"What's a boy to do? It's 1974, you're young and have a head full of Hawkwind and Roky and the Elevators, and old brutalist blues in the Hound Dog Taylor/Fred McDowell backwoods whisky-fucked mode; you're stuck in Hicksville, USA; the music scene sucks: glam's dead or dying slowly; punk is a good year or so from even starting to get itself born. Town's too damn small to even muster up a band. It's just you and your buddy and that's it, man. So you grow your hair and wear satin, wander wide-eyed and tripping across small-town railway tracks and hang loose at the weekend in your basement. You gather a bunch of cheapo instruments on the never-never and you start cutting low-fi bedroom demos.
Stone Harbour were Ric Ballas and Dave McCarty, and out of nowhere and nothing, at entirely the wrong time, they cut an LP that will blow your head clean off. This is a trip into the true dark heart of psychedelia! The music? 'You'll Be A Star' shimmers and aches in the midnight; cymbals wash over you, Dave McCarty's vocals emerge from some subterranean cave, as the keyboards flicker, flicker, flash across the periphery of the song; 'Rock & Roll Puzzle' is dark, twisted fried garage punk blues brutality, pre-empting The Gories and Pussy Galore by a good ten years! Songs fade in and out; finger-picking blurs into screaming squelching synths; guitars melt in the mid-summer heat. 'Grains of Sand' frazzles like The Stooges through a fucked-up amp and filtered through a transistor radio with the valves burning out, whilst 'Summer Magic Is Gone' is the most haunted, haunting song in many a long strange moon.

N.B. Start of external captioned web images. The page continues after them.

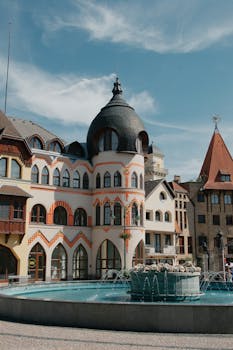 Breathtaking view of unique architecture in Komárno, Slovakia with a picturesque fountain.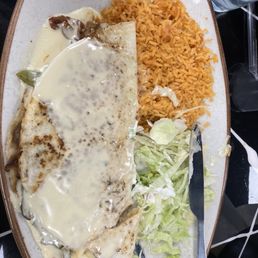 Large Grilled Steak Quesadilla sour cream salad, rice over $20.00 Large Grilled Steak Quesadilla sour cream salad, rice over $20.00
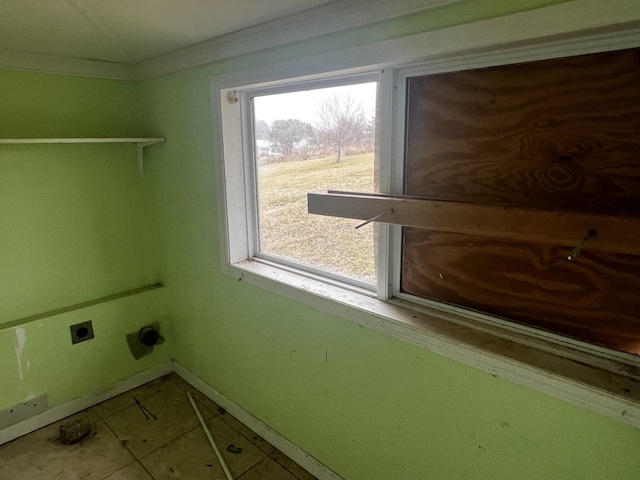 laundry area with hookup for an electric dryer, baseboards, tile patterned floors, crown molding, and laundry area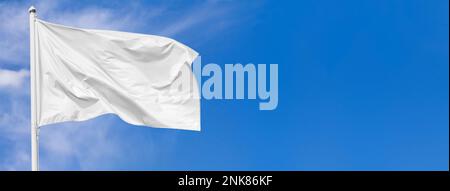 Weiße Fahne, die im Wind weht, auf Fahnenstange gegen den Himmel, mit Wolken am sonnigen Tag, Banner, Nahaufnahme Stockfoto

Shimmers like stars in the 2 a.m. fog and haze, and bleeds lost and lonely and bruised into the heat-warped dawn. You're still awake, although the brain doesn't work like it used to. Blurred and bleary and exhilarated and stoned to the very core of your soul." Booklet includes lyrics and notes; disc has a handful of previously unreleased tracks from 1975 sessions as bonus tracks."